Le journal Sud-Ouest nous apprenait
hier que, vingt ans après la mort du peintre Mac-Avoy, ses héritiers
vendent une partie des œuvres en leur possession, peintures et
dessins, afin de « soutenir sa cote ». Des œuvres qu'on
peut voir et acheter via le site mac-avoy.com.
Dessin préparatoire au portrait d'André Gide,
Mac Avoy, 1949 (source)
Mac Avoy, 1949 (source)
« C'est avec le portrait de
William Somerset Maugham que j'ai pris conscience
que le portrait est
une somme, et qu'il ne peut guère exister avant l'age de 70 ans,
c'est à dire avant que tous les signes soient inscrits sur le
visage.
C'est avec le Gide que j'ai pris conscience de ce réseau -
géographie de rides,
de larmes, d'extase, de désespoirs, - qu'il
faut apprendre à lire
et à décanter, comme à l'école, les
fleuves, les rivières et les lacs. »
G. E. Mac Avoy
Edouard Mac Avoy naît en 1905 à Bordeaux dans une famille aux origines irlandaises et catholiques par son père et cévenoles et huguenotes par sa mère (en miroir la famille telle que Gide rêvait la sienne). Il est envoyé en Suisse pour ses études. Ses deux passions sont déjà le théâtre et la peinture. A 18 ans il entre dans l'atelier de Paul-Albert Laurens (ami d'enfance de Gide) à l'Académie Julian. Chez les Valloton, il rencontre Bonnard et Vuillard qui encouragent et suivent ses travaux. Il n'a que 19 ans lorsque l'Etat fait l'acquisition pour le Musée du Luxembourg d'une nature morte présentée au Salon d'automne.

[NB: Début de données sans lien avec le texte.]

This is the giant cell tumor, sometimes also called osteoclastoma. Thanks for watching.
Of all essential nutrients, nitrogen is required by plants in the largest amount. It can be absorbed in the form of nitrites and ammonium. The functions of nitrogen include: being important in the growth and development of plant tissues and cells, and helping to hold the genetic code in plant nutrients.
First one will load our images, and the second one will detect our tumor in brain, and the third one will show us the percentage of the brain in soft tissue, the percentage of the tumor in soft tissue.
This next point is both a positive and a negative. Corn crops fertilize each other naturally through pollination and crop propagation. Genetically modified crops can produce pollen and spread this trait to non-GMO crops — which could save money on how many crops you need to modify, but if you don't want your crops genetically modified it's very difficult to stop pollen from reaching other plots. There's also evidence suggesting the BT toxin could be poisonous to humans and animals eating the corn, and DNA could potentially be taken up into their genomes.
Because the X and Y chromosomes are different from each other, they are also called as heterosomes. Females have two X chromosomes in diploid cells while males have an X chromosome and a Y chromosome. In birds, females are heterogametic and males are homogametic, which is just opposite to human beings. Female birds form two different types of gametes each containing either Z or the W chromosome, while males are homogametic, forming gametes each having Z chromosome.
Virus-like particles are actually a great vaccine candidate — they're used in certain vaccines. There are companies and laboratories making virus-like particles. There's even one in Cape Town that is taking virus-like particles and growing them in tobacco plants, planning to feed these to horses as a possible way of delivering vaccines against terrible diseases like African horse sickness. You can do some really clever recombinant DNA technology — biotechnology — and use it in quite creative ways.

Dès les années trente il se consacre
beaucoup au portrait ; Edouard Herriot allant jusqu'à le comparer à
Philippe de Champaigne. Mais c'est après la seconde guerre mondiale
qu'il entame la série de toile débutée avec le portrait de Maugham
et qui se prolonge jusqu'au portrait de Gide. Composition resserrée
autour du sujet, fond, lignes et couleurs concentrés eux aussi dans
une mise en scène en équilibre instable. En même temps naissent
des portraits à la théâtralité plus baroque, jusqu'au retour aux
couleurs vives et au symbolisme foisonnant des années 70.

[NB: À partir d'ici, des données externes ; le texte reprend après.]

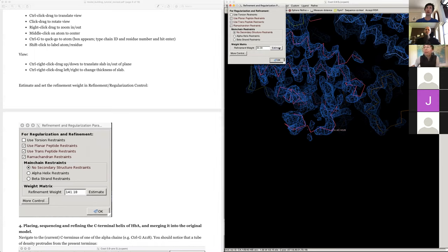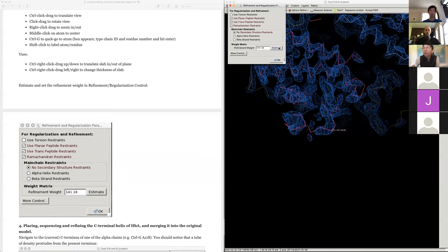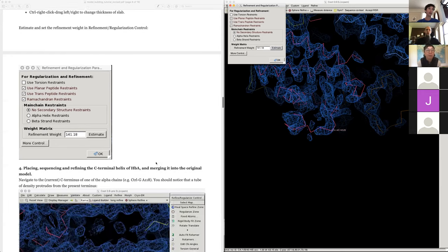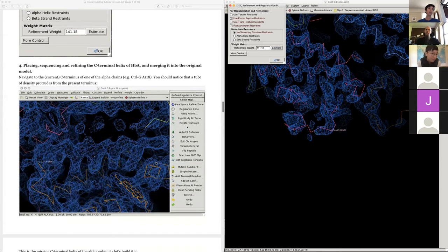You can do an auto-estimation of the refinement weight — I'd take that as a starting point and adjust as needed. The lower the weight, the more weight on protein geometry (prior knowledge); the higher it is, the more weight on the map. If you reduce it to zero you're basically just doing a simulation with no map contribution. If it's really high your atoms will become unbonded and explode. Find somewhere in the middle where map and model are happily playing together.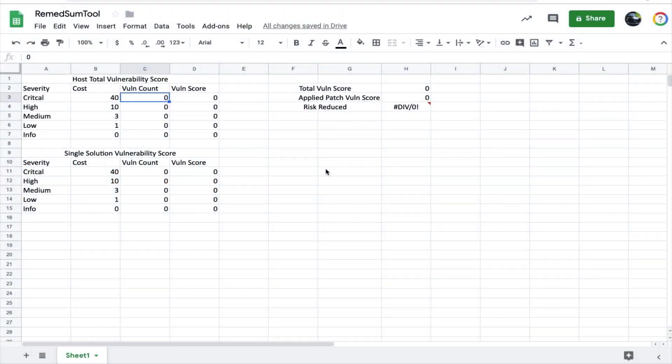In this spreadsheet we have two sets of data to enter. The top set is the host total vulnerability score. Using the numbers we collected before — 27, 316, 126, and 12 — let's populate the cells.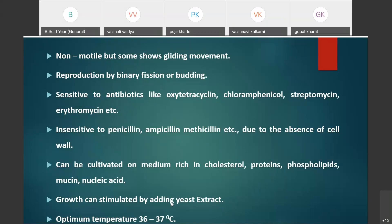Reproduction in mycoplasma takes place just like in bacteria. The principal methods of reproduction are binary fission and budding. These two methods will be discussed in detail while studying bacteria.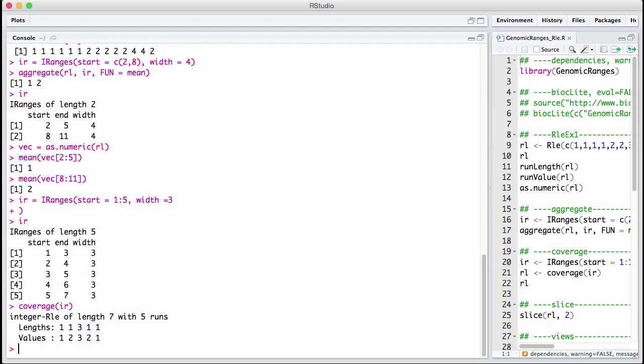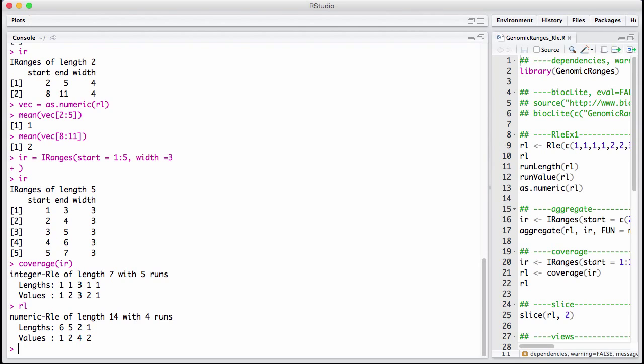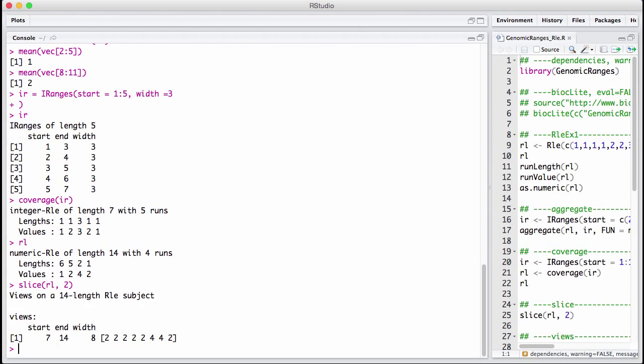Sometimes you have a coverage vector. So you have an RLE, and you really want to figure out areas where this vector are big. And I want to get that back as intervals. The way you do that is you use the slice function. So you can think of the coverage function as giving you kind of a function along the genome, and now we slice the top off. So let's take our RLE from before, and let's slice it at a value of 2.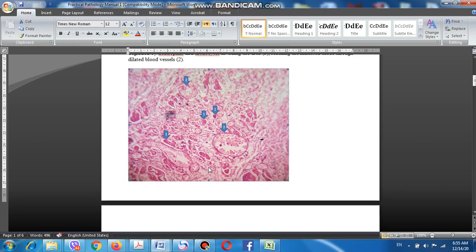Later on, these infarcted myocardial cells will be removed by the inflammatory infiltrate, by inflammatory cells — neutrophils, followed by macrophages.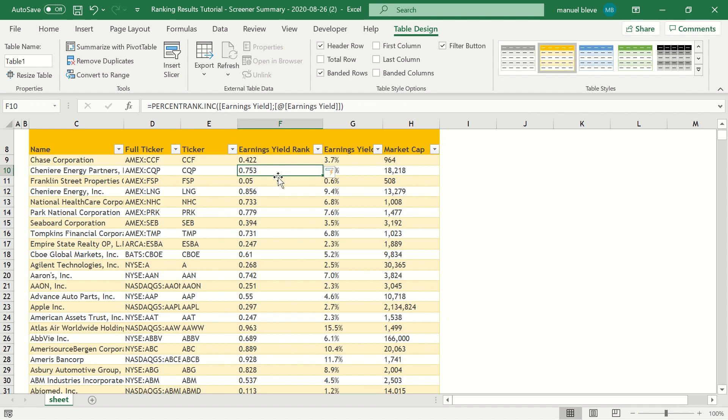Since we use a table, Excel will automatically populate all the cells in the column with each stock's percentile rank.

Portrait de Gide, Mac Avoy, 1948
On a des dessins et des esquisses peintes pour un portrait de Gide datés de 1948. Mais c'est en 1949 que Gide pose pour Mac Avoy. Un Gide en villégiature depuis le mois d'avril sur la Côte d'Azur auprès des Bussy et de Martin du Gard. Il a été victime d'une attaque en février et, à peine arrivé en pleine forme, donne à nouveau d'inquiétants signes de faiblesse. Nouvelle attaque ; il séjourne dans une clinique de Nice. Au moins de juin, Mac-Avoy découvre un Gide « chancelant » et note dans son journal :
« Cannes, 29 Juin 1949
Gide me convie à déjeuner demain, à
la Colombe d'or à midi...
Sur la terrasse aux Colombes déserte,
je l'aperçois. Cet homme chancelant un peu, d'incertitude plus que
de vieillesse, et qui n'est ni hors, ni dans la maison, indécis sur
le seuil, c'est André Gide.
Il porte une très étonnant vieux
chapeau pointu couleur de mastic, une épaisse chemise rouge, d'un
rouge grave, et un veston jeté sur les épaules, manches ballantes,
qui glissent sans cesse et que Gide, tant bien que mal, sans cesse
rétablit. Il erre, en marge. La gêne qu'il crée, n'est autre que
la gêne qu'il éprouve. Le regard a comme un envers et un endroit :
terne, voilé, tourné vers l'intérieur; sombre quand il scrute et
appuie. Les épaules tombent. Le geste est retenu.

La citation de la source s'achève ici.